2.3.5 Tempat Tinggal
Letak tempat tinggal memudahkan dalam memperoleh makanan menentukan
banyak sedikitnya makanan yang didapat untuk dikonsumsi (Harper, 2006). Letak
tempat tinggal juga berpengaruh terhadap perilaku konsumsi individu. Sebagai
contoh, seorang petani yang tinggal di desa dan dekat dengan areal pertanian akan
lebih mudah dalam mendapatkan bahan makanan segar dan alami, seperti buah dan
sayur. Namun, seseorang yang tinggal di daerah perkotaan akan mengurangi akses
untuk mendapatkan bahan makanan segar tersebut, karena di daerah perkotaan lebih
banyak tersedia berbagai makanan cepat saji, walaupun tidak menutup
kemungkinan, penduduk perkotaan ada yang mengkonsumsi buah dan sayur
(Suhardjo, 1989).
Pada penelitian Jago et al (2007) menyebutkan bahwa lingkungan fisik
tempat tinggal orang dewasa dan kemudahan mencapai tempat penjualan makanan
mempunyai pengaruh terhadap konsumsi buah dan sayur. Pendapat Guthrie &
Picciano (1995) yang mengatakan bahwa pada orang dewasa terjadi perubahan pola
meninggalkan kebiasaan makanan orang tua, tetapi lebih banyak makan dan jajan
diluar. Dalam mendukung seseorang dan populasi melakukan pola makan yang sehat
maka diperlukan ketersediaan makanan, kecukupan dan dapat diakses semua orang
(Harper, 2006). Lain halnya dalam studi di Amerika pada remaja non-Hispanic black
dan non-Hispanic white didapatkan bahwa ketersediaan makanan di rumah tangga
tidak signifikan dengan konsumsi buah dan sayur pada orang dewasa dan juga
berdampak kecil terhadap kecenderungan dalam mengonsumsi buah dan sayur pada
orang dewasa tersebut (Befort, 2006).
2.3.6 Pengetahuan Gizi
Pengetahuan adalah hasil dari tahu yang di dapat setelah orang melakukan
penginderaan terhadap obyek tertentu.
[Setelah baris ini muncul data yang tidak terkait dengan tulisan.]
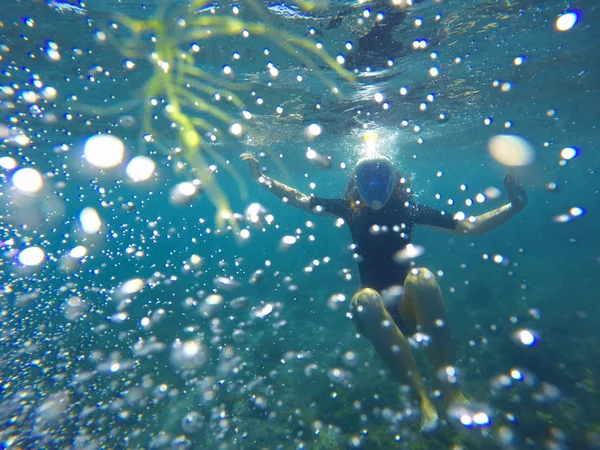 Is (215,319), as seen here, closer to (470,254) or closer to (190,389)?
(190,389)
Pengetahuan memegang peranan penting
dalam hal pembentukan tindakan seseorang (over behavior), jika didasari oleh
pengetahuan akan lebih langgeng bila dibandingkan tanpa disadari pengetahuan
(Notoatmojo, 2007).
Menurut Notoatmodjo (2007) mendefinisikan bahwa perilaku manusia
adalah refleksi dari berbagai gejala kejiwaan seperti keinginan, kehendak,
pengetahuan, emosi, berfikir, sikap, motivasi, dan reaksi, sehingga setiap tindakan
manusia baik baik positif mauoun yang negatif didasari oleh salah satu faktor
tersebut. Pada mahasiswa pengetahuan yang baik dapat tertutup oleh gejala kejiwaan
yang lain seperti keinginan, kehendak, minat, emosi, sikap, motivasi, dan reaksi.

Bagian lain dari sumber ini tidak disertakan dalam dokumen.